Bei aller Freude am Segeln und der Aufregung, wenn Wale – selten genug – vorbeiziehen, macht sich Ermüdung breit. Dabei gehöre ich zu den Privilegierten, denn meine Koje ist bisher trocken geblieben. Andere hatten zeitweilig entweder mit leckenden Stellen im Deck zu kämpfen. Gerade die Kapitänskajüte war alles andere als dicht. Und die Köchin hat über ihrer Koje eine Art Zelt gebaut, um das Wasser abzuleiten. Oder eine Welle schickt eine Gischtwolke in den Foxhole-Niedergang, was dann mit einem nassen Bett und in der Küche zum Trocknen aufgehängten Bettlaken endet. So dominiert denn als zweites Thema der Gespräche die Frage, was wir machen werden, wenn wir nach Hause kommen. Für viele ist dies gar keine Frage: Schlafen, schlafen, schlafen.

Doch erst einmal müssen wir den Ärmelkanal erreichen und dann Amsterdam, wo uns eine völlig aus dem Ruder gelaufene Welt erwartet. Das Corona-Virus haben wir zwar nicht an Bord, es ist aber als Unsicherheitsfaktor, wie es in Amsterdam weiter gehen wird, doch ständig ein Thema.

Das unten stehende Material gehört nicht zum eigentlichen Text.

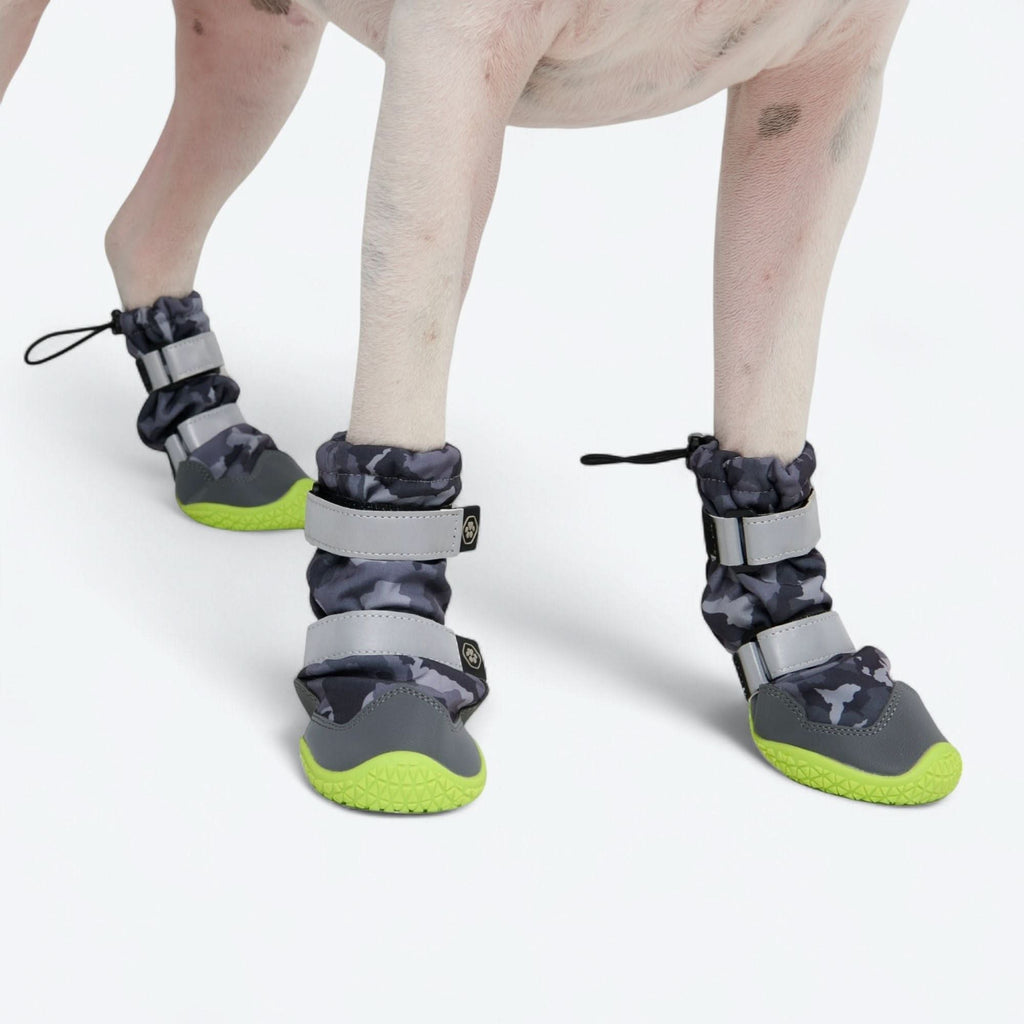 Grey Camo Boots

Wir segeln auf einer Öl-Lagerfläche

19. April, 34. Tag auf See. Sonntag und in der Tat etwas Sonne. Allerdings auch stundenlang kein Wind – eine Gelegenheit, das Gaffeltopsegel herunter zu nehmen, um aufgescheuerte Nähte zu nähen. Während die «Tres Hombres» mit weniger als einem Knoten Fahrt um die Steuerfähigkeit kämpft, überholt uns extrem langsam ein Tanker. Dem Gefühl nach fährt der auch nicht mehr als zwei bis drei Konten. «Slowsteaming» nennt sich dies. Dies spart zwar Treibstoff und wird gern als Umweltschutzmassnahme angeführt. Doch der eigentliche Grund liegt in den Preisschwankungen für Öl: Man wartet auf See oder vor Anker bei Rotterdam, bis die Preise steigen. Wiebe berichtet, dass die Schiffe oft mehrere Wochen da liegen, bis sie einlaufen und ihre Ladung abgepumpt wird. Damit die Mannschaft keinen Bordkoller kriegt, darf sie zwischendurch an Land. Dies geschah bis vor ein paar Jahren mit Wassertaxis. Dann wurde die Nordsee neu aufgeteilt, und nun liegen die wartenden Tanker viel weiter draussen, unerreichbar für die Wassertaxis. Angeblich sollen die Planer enge Verbindungen zu den Helikopterunternehmen haben, die nun diesen Service bieten. Das ganze System bedeutet, dass die Ozeane nicht nur als Transportfläche für den Welthandel dienen, sondern auch als Lagerraum für Erdölprodukte. Und energieeffizienter als die Wassertaxis sind die Helikopter garantiert nicht…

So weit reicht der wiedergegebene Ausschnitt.